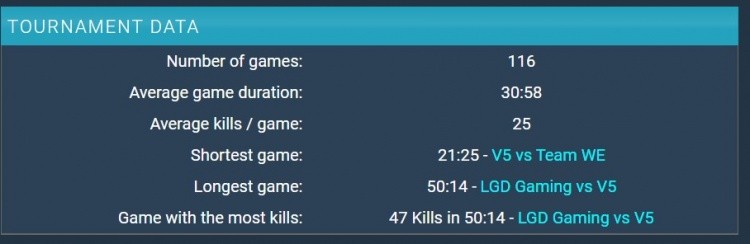 lpl蓝色方代表着什么,lpl百分百胜率阵容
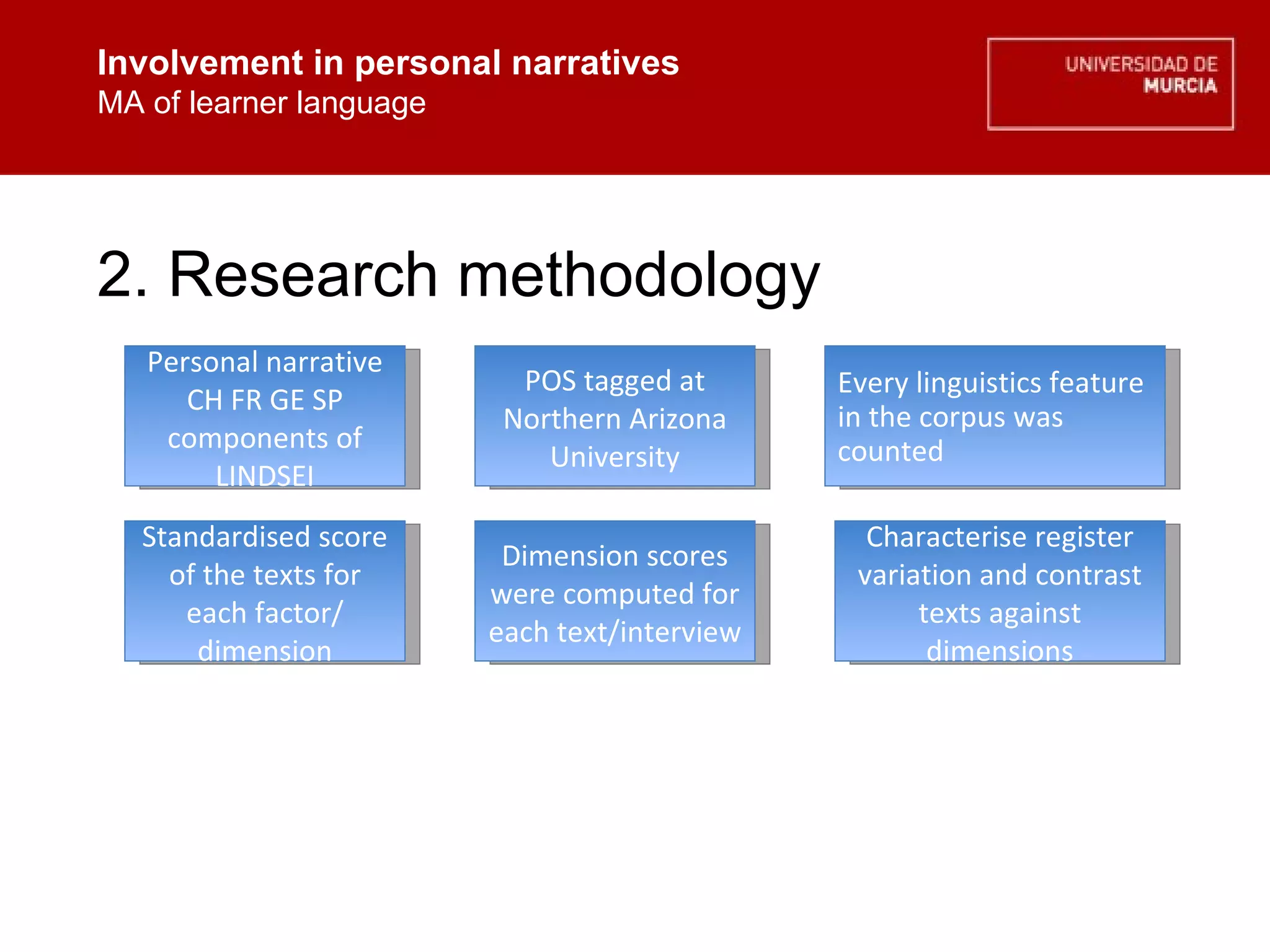 Involvement in personal narratives MA of learner language Involvement in personal narratives MA of learner language 2. Research methodology Personal narrative CH FR GE SP components of LINDSEI POS tagged at Northern Arizona University Every linguistics feature in the corpus was counted Standardised score of the texts for each factor/ dimension Characterise register variation and contrast texts against dimensions Dimension scores were computed for each text/interview 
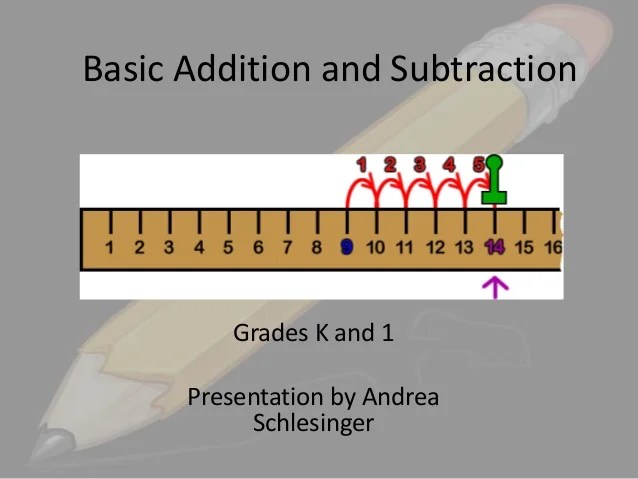 Teaching addition and subtraction to early elementary students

------------------------------------------------------------------------

**ACTIVITY**
Wherever a picture appears in the listing above, drop it, and restate the rest exactly.

**TASK SOLUTION**
 lpl蓝色方代表着什么,lpl百分百胜率阵容
 Involvement in personal narratives MA of learner language Involvement in personal narratives MA of learner language 2. Research methodology Personal narrative CH FR GE SP components of LINDSEI POS tagged at Northern Arizona University Every linguistics feature in the corpus was counted Standardised score of the texts for each factor/ dimension Characterise register variation and contrast texts against dimensions Dimension scores were computed for each text/interview 
 Teaching addition and subtraction to early elementary students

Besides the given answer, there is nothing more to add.